Tim Berners-Lee: we must regulate tech firms to prevent ‘weaponised’ web

TBL is rightfully indignant and concerned about the fact that “what was once a rich selection of blogs and websites has been compressed under the powerful weight of a few dominant platforms.” The Web, according to Berners-Lee, is at great risk of degenerating into a few big versions of Compuserve or AOL sucking up most of the bandwidth of the Internet, and most of the attention of its inhabitants. In an open letter, he outlines the dangers of putting so much power into hands that either see it as a burden, or who actively exploit it for evil.

I really really hate Facebook more than most, because it aggressively seeks to destroy all that is good about the Web, and it is ruthlessly efficient at doing so, regardless of the human costs. Yes, let’s kill that in any way that we can, because it is actually and actively evil, and shows no sign of getting any nicer. I am somewhat less concerned that Google gets 87% of all online searches (notwithstanding the very real dangers of a single set of algorithms shaping what we find), because most of Google’s goals are well aligned with those of the Web. The more openly people share and link, the better it gets, and the more money Google makes. It is very much in Google’s interest to support an open, highly distributed, highly connected Web, and the company is as keen as everyone else to avoid the dangers of falsehoods, bias, and the spread of hatred (which are among the very things that Facebook feeds upon), and, thanks to its strong market position and careful hiring practices, it is more capable of doing so than pretty much anyone else. Google rightly hates Facebook (and others of its ilk) not just because it is a competitor, but because it removes things from the open Web, probably spreads lies more easily than truths, and so reduces Google’s value.
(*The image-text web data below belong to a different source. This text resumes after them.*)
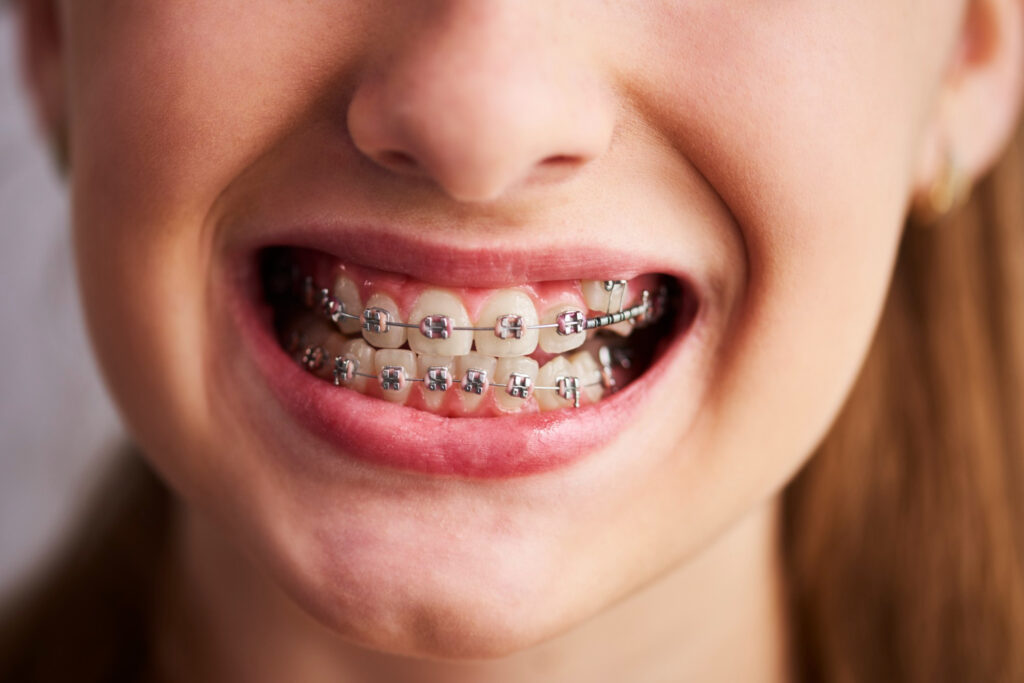 Retainers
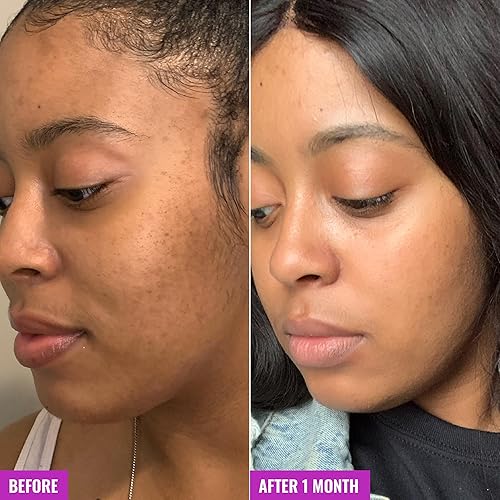 Miniatura 5 de Good Molecules Tónico exfoliante glicólico, tónico diario de ácido hialurónico y glicólico para la cara, exfoliante facial limpiador para un tono de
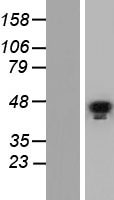 GATA5 Human Over-expression Lysates NM_080473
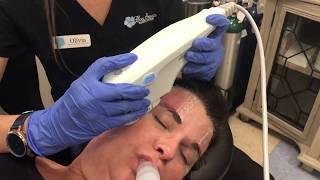 What is Ultherapy + How Does it Work? Nashville Aesthetic Provider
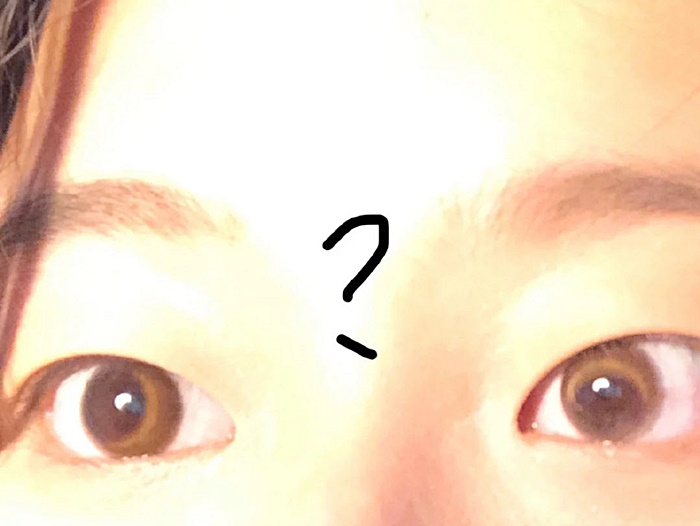 คอนแทคเลนส์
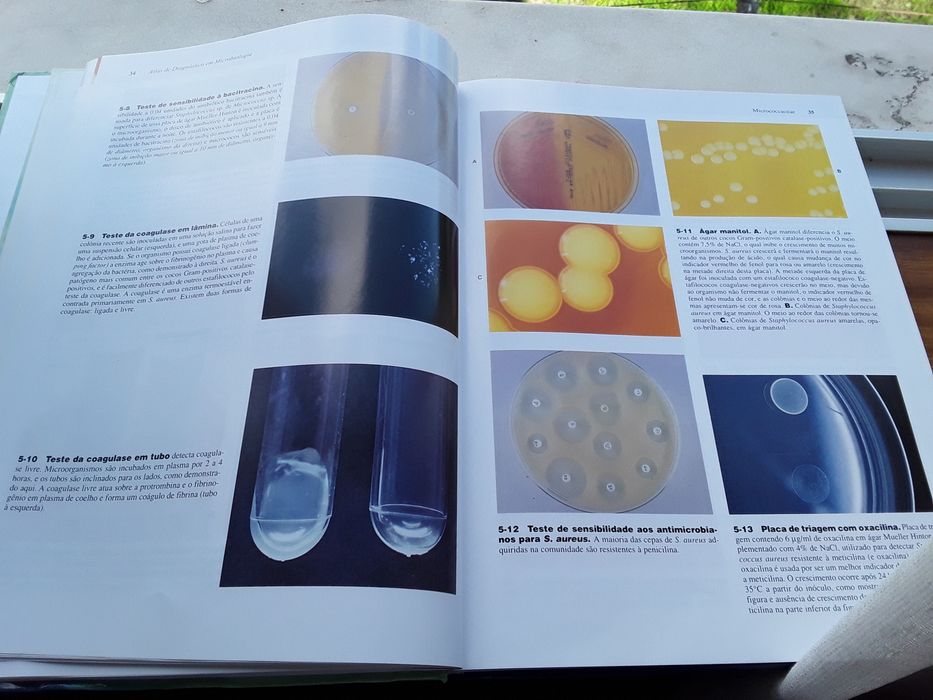 Vendo Atlas de Microbiologia Clínica. Novo.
I am somewhat bothered that the top 100 sites (according to WIkipedia, based on Alexa and SimilarWeb results) probably get far more traffic than the next few thousand put together, and that the long tail pretty much flattens to approximately zero after that. However, that’s an inevitable consequence of the design of the Web (it’s a scale-free network subject to power laws), and ‘approximately zero’ may actually translate to hundreds of thousands or even millions of people, so it’s not quite the skewed mess that it seems. It is, as TBL observes, very disturbing that big companies with big pockets purchase potential competitors and stifle innovation, and I agree that (like all monopolies) they should be regulated, but there’s no way they are ever going to get everything or everyone, at least without the help of politicians and evil legislation, because it’s a really long tail.

It is also very interesting that even the top 10 – according to just about all the systems that measure such things – includes the unequivocally admirable and open Wikipedia itself, and also Reddit which, though now straying from its fully open model, remains excellently social and open. In different ways, both give more than they take.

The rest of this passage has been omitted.